Food giant buys into organics In a move that may begin to further accelerate the organic food market, General Mills recently bought Small Planet Foods, a leading producer of organic food products. Small Planet's Cascadian Farm brand sells organic frozen fruits, vegetables, juices and entrees, and its Muir Glen line offers organic canned tomatoes, pasta sauces, salsa and condiments. Combined annual sales for these organic brands total approximately $60 million.
"Sales of organic and natural foods have been growing by more than 20% a year over the last five years, and this strong market growth is expected to continue," says Steve Sanger, chairman and chief executive officer for the company. "Small Planet is a highly respected company in the organic industry. We're very excited about the opportunities we see for expanding Small Planet's existing product lines and developing new organic foods."
General Mills also launched the first certified-organic cereal from a major manufacturer last March called Sunrise, which contains both wheat and corn.
Lessons learned "It's clear that the agricultural industry has not done a good job educating consumers about the benefits of pesticide use. It's important that we don't make the same mistake with biotechnology and other new farming practices." Dean Kleckner, president, American Farm Bureau Federation
Survey says Although consumers appear open minded about many farming practices, they are not comfortable with the use of pesticides in food production. In exchange for chemical-free food production, 57% will accept higher prices; 68% will accept a smaller food selection; 72% will accept seasonal availability; and 73% will accept biotechnology. Roper Starch survey of 1,002 consumers in July/August 1999, sponsored by Philip Morris and American Farm Bureau
Tips on farming's future Talk to a dozen or so progressive farm managers on large and small farms and you'll quickly come up with all kinds of new ideas. Kent Olson, University of Minnesota's extension farm management specialist, did just that and grouped ideas into four areas:
1. Just producing and selling won't work anymore. Farmers must capture value and respond to consumer wants and needs. They should look at contracts with elevators, companies, even neighbors to gain added value.

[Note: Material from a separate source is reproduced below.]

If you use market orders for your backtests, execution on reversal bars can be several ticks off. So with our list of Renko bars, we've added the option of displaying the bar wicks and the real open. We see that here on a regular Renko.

2. The production system should be redesigned beyond the present drive to cut costs. Farmers must meet the price offered by the market instead of continually looking for a market to cover costs. To do this, farmers mentioned ideas such as more cultivation and less herbicide, flexible cash rents and shared machinery.

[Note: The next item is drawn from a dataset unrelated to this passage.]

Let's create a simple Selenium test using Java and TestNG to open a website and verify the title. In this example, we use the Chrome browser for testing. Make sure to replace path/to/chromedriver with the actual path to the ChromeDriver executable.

3. Use of new technology, including precision farming, computers and the Internet, will change both physical practices and management methods. Farmers are concerned about local communities and businesses and stated that they want local services, not just low prices from the Internet.
4. Farmers must develop broader management skills including risk management to protect income and farm resources. This means "big picture" thinking, more than hedging and use of options. Producers need to look at such aspects as personnel selection and management, process controls and developing profit centers.